I don't know what the odds are you will read this given the time difference, but I have a question that even my deepest of internet dives can't seem to answer. What if you don't want to use a pre-made backbone,? As in how are backbones originally made/designed? Is it just taking a blank plasmid and adding in promoters and resistance genes and the like as if they were lego bricks (in which case where does the blank space and unannotated resistance enzymes come from), it is a matter of extracting the very base from an actual yeast cell and sequencing and editing, or something else? Given the analogy of computer programming libraries, I'm curious to know what's actually happening in a library as I am using it. If you read this I was hoping you could point me in the right direction.
thank you for this very insightful video. a few questions: 1. crystallization or proteins process: a. how do you know that it is proteins and not something else that is crystallizing? b. how many proteins are in a crystal undergoing xray diffraction? if more than one, how can the computer analyze multiple proteins simultaneously (probably it isnt, but how do you know)? 2. xray diffraction: the crystal is being rotated. so the dots appear on the screen. how do you know which dots were produced at what degree of rotation? (it probably has something to do with Bragg's law?). is it important to know what degree of rotation each dot "represents"? other question: i saw another vid (British lab, which used Diamond complex for analysis) where they were preparing proteins for crystallization. there was a process called "dilution" of the proteins, to make sure there was a high concentration of protein. what is that all about? isnt a single crystallized protein necessary for the xray diffraction? (this of course is linked with another question stated above.) it is all so mysterious, that all of this is known, and that the technology of xray diffraction and computerized analysis has been developed with such a surety of the results! is it a kind of magic; that is, what are the larger implications about matter and energy here, and their relationship to mathematics? of course this is outside the range of your video, and perhaps your own interests. i wish you were my teacher!
i think the combination of the yellow and red is the average of the red and yellow individually in the first puzzle so that flourescence is at the mid way point of both no?
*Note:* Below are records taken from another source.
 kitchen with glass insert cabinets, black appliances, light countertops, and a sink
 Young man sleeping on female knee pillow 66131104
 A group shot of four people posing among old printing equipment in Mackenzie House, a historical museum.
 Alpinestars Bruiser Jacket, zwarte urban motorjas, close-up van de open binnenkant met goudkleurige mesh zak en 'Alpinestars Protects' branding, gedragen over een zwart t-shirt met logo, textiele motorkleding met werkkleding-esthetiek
Hey Nauman, one way to think about biology is through physics models! Biophysics will model certain interactions like the binding of two proteases to a protease recognition site. They model based on outcomes. In our example there are three possible outcomes - either nothing cuts the site, red cuts, or yellow cuts. For example, if you have only red protease there are two possibilities: either nothing is cut or red cuts. The number of outcomes is limited to two! If both red and yellow proteases are there we can achieve all three outcomes. By a back-of-the-envelope calculation, Colin was thinking that 2/3 is greater than 1/2, so you'd expect more fluorescence because there is a greater chance of a cut outcome! But that's not what you see. Colin doesn't understand probability because if you have both red and yellow proteases the data shows that the likelihood that you cut decreases when you have both proteases compared to when you just have the yellow protease. We think this is due to the leucine zippers that bind the proteases together. This may render them less able to cut, therefore decreasing the fluorescent output. However, this is just our best guess. Let us know if you have more thoughts or questions! - Colin
Hi, I'm not sure if anyone's gonna be able to see this after two years, but why do you have all of those dead spaces with no annotations? I just see them everywhere on the plasmids I search for and I wonder if there's usually some purpose to all those dead spaces other than "missing annotations".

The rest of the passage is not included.